漢方薬の中に「当帰」と呼ばれる生薬があります。「とうき」と読みます。

これを刻んだり、粉末にしたりして使います
有名な処方としては「当帰芍薬散」というのがあります。これは当帰と芍薬、という生薬を含む処方、ということになります。
他には「当帰湯」とか「当帰建中湯」「当帰四逆加呉茱萸生姜湯(長い…)」などの漢方処方の名前に挙げられています。「当帰飲子」ってのもありましたっけ。
この当帰、「血」に効く生薬として有名です。
なにしろ、この生薬の名前の由来のエピソードがあります。
それは、月経不順で、不調になった女性が、この生薬を用いて、月経が整った、という時に、「夫よ、まさに帰るべし!」と叫んだ、とか。あるいは妊娠しないために暇を言いつけられていた妻が、この生薬で体調を戻して「まさにわたしが帰るべきだ」と言った、とか。
はたまた、産後の不調にこれを使って「まさに帰るべし!」って言えるくらいに元気になった、なんて話もあるのだそうです。

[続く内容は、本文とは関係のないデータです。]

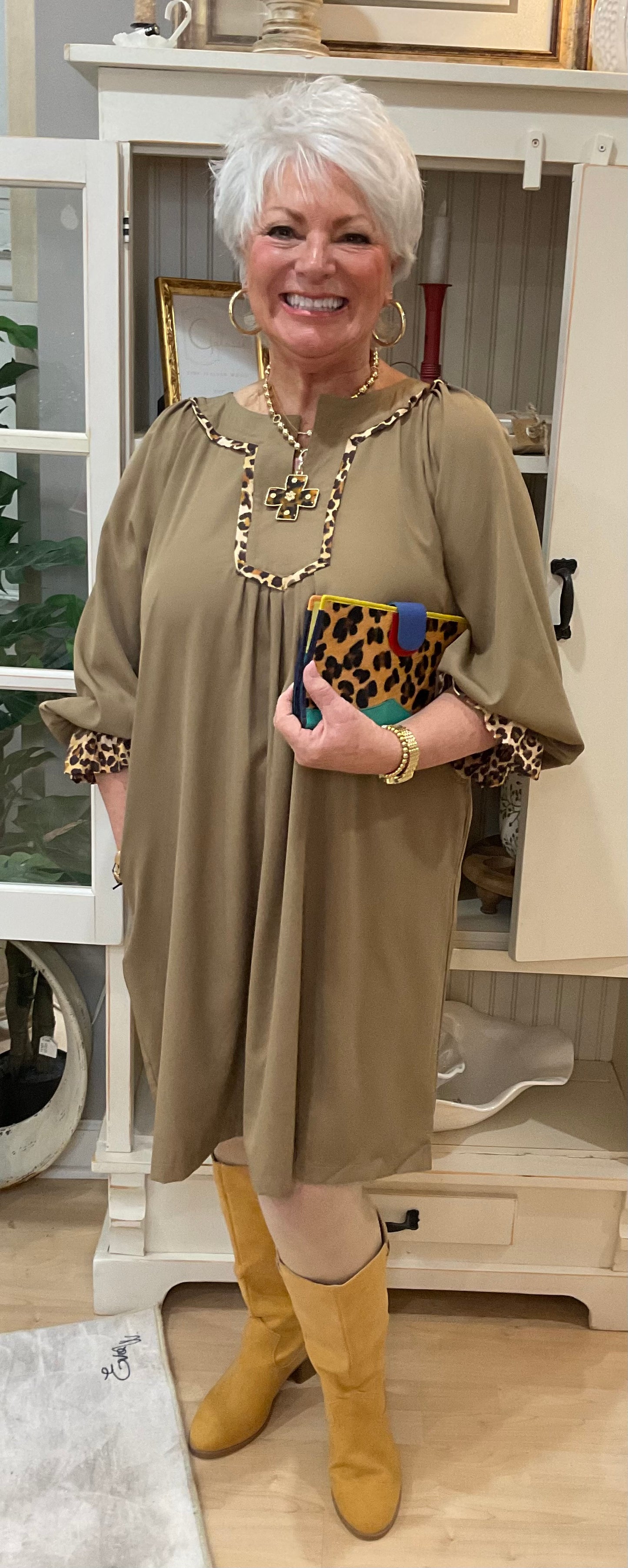 Taupe Sleeve Animal Print Detail Dress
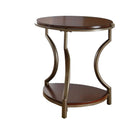 Cherry Finish Wood and Metal Round End Table I2539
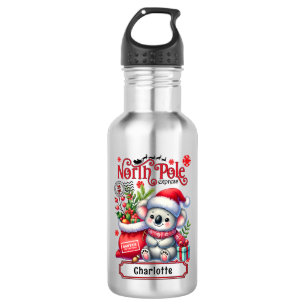 Schattigee Koala Kerstmis gepersonaliseerde naam Waterfles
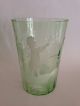 Antique Late 1800 ' S Green Mary Gregory Tumbler Glass Girl With Flowers Stemware photo 1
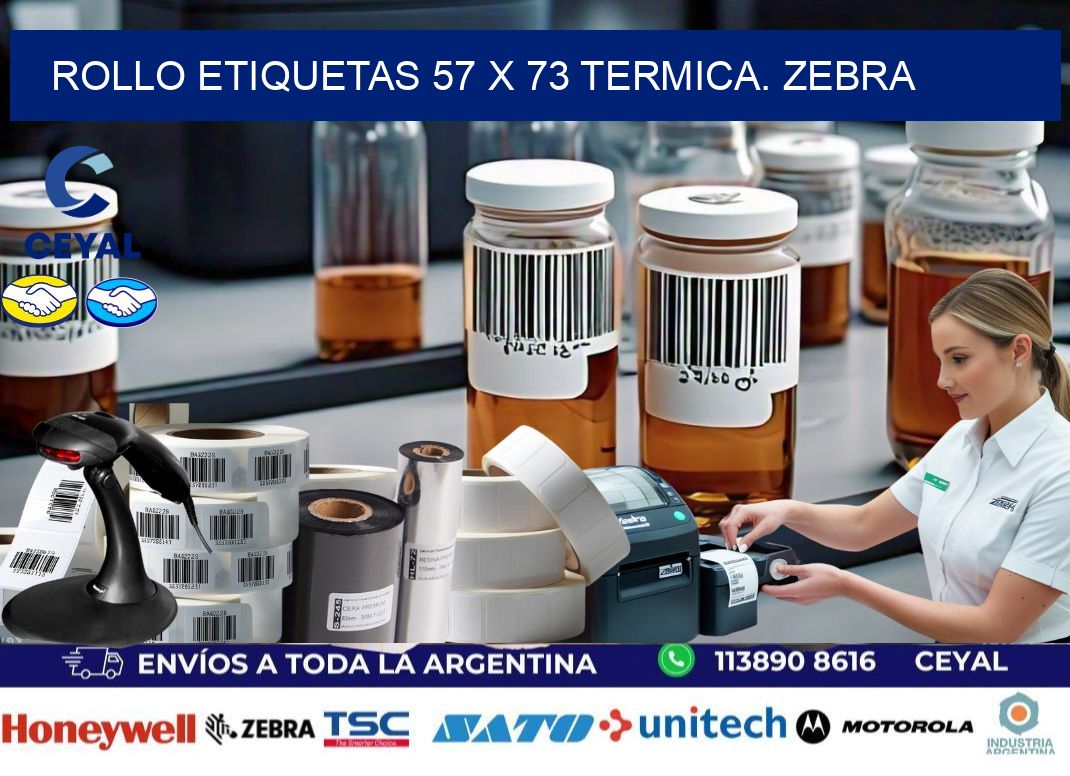 Rollo etiquetas 57 x 73 termica. zebra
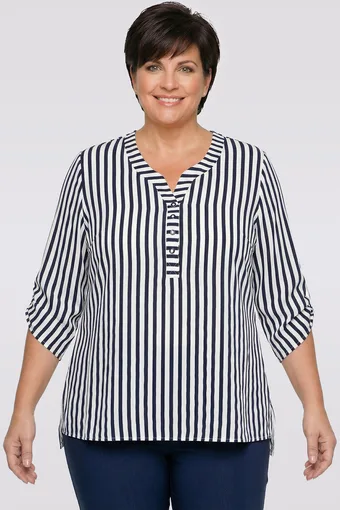 Camicetta bianca con cinture blu navy
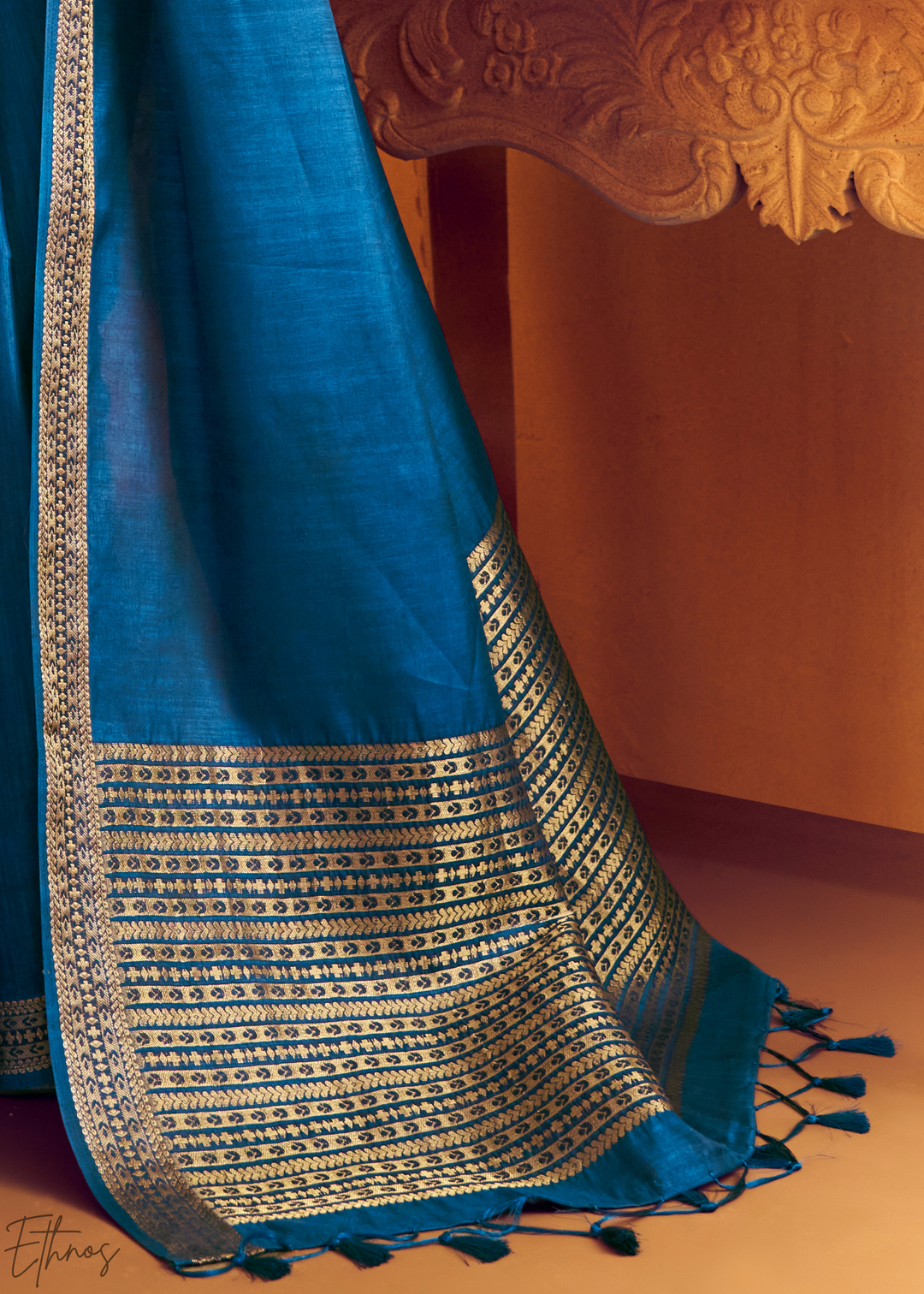 Indigo Sapphire Traditional Zari Woven Tussar Silk Saree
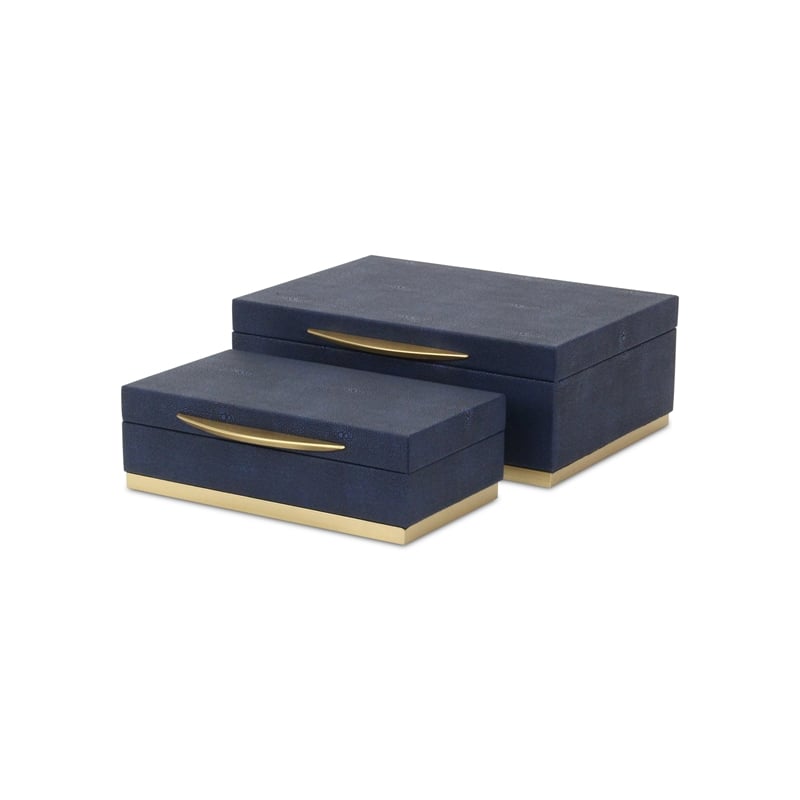 Pemberly Row Rectangular Gold Accented Box Set of 2 in Blue Faux Shagreen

多少バリエーションがありますが、まさに=当、帰るべし、ということで、「当帰」という名称になったのだ、と伝わっています。
そういう意味で、不妊とか、月経不順とか、産後とか、そういう女性のトラブルに対処するときに使う、そんな処方によく含まれている生薬です。
日本では「大和当帰」というのが有名で、大和…奈良県で栽培しています。
根っこを生薬として用いますので、採取してきて、土を除いた後、湯もみをします。
https://www3.pref.nara.jp/sangyo/yamatotouki/saibai
湯もみするのは、一年でも一番寒い、2月頃の作業になるようで、本当に大変なことをしていただいているのだなあ、と思います。

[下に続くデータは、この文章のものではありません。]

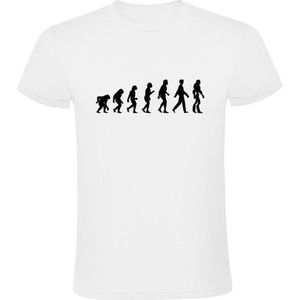 Aap mens robot evolutie Heren T-shirt | toekomst | programmeur | robots | techniek | techno | ontwikkeling | Wit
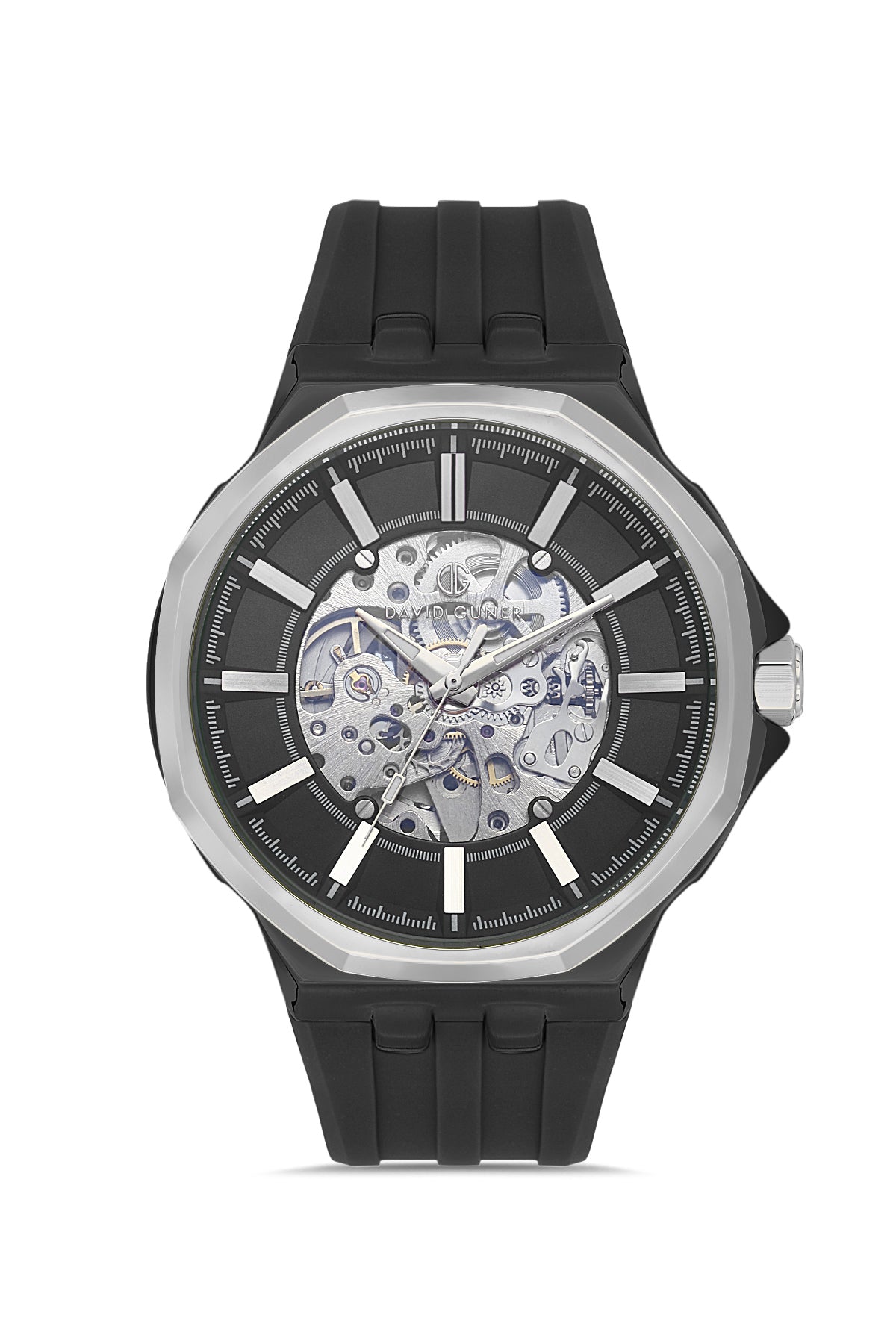 DAVID GUNER Gümüş Siyah Kaplamalı Siyah Kadranlı Erkek Kol Saati - DG-8823GD-J2J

こうして大和当帰が生薬として用いられる形になります。
中国では唐当帰というのが使われていて、同じセリ科の植物でとてもよく似ているそうですが、微妙に異なるようです。また日本では「北海当帰」と呼ばれる別の品種も栽培されているようで、一応これらが「当帰」として用いられる植物になっています。
近年、植物としての大和当帰の葉っぱ部分を、食品として取り扱うことができるようになりました。スーパーフード扱いされていたりするのですが、葉っぱを採取すると、根の部分の育ちが悪くなるのだそうで、あっちもこっちも、というのは難しいようです。まあ、考えてみたら、当たり前のことなのでしょうけれど。
ちなみに大和当帰の植物としての学名(ラテン語名)はAngelica acutiloba Kitagawaアンジェリカ・アクチローバ・キタガワ、ということになっています。
ヨーロッパでは類縁のアンジェリカ(あるいはアンゼリカ。学名:Angelica archangelica )が「天使のハーブ」という名前で呼ばれ、不眠や消化不良、あるいは女性特有の症状に用いられることがあるようです。似たような成分が含まれているのだろうと思います。
そういえば、生薬名としては「トウキ(当帰)」であって、ラテン語では「Angelica Radix」としてあります。アンジェリカ種の植物の根っこ部分、という名称になります。
漢方薬系の話をすると「生薬の名前」と「生薬のもとになった植物:基原植物の名前」と、それから、「生薬を構成して作られた処方の名前」とがゴッチャになってきて、ついうっかりまぜこぜにしてしまうのですが…そういうところが話がややこしくなる原因になっているのかもしれません。
生薬の名前の由来が伝わっているものは他にもあります。けっこう面白いエピソードもありますので、また折を見てご紹介します。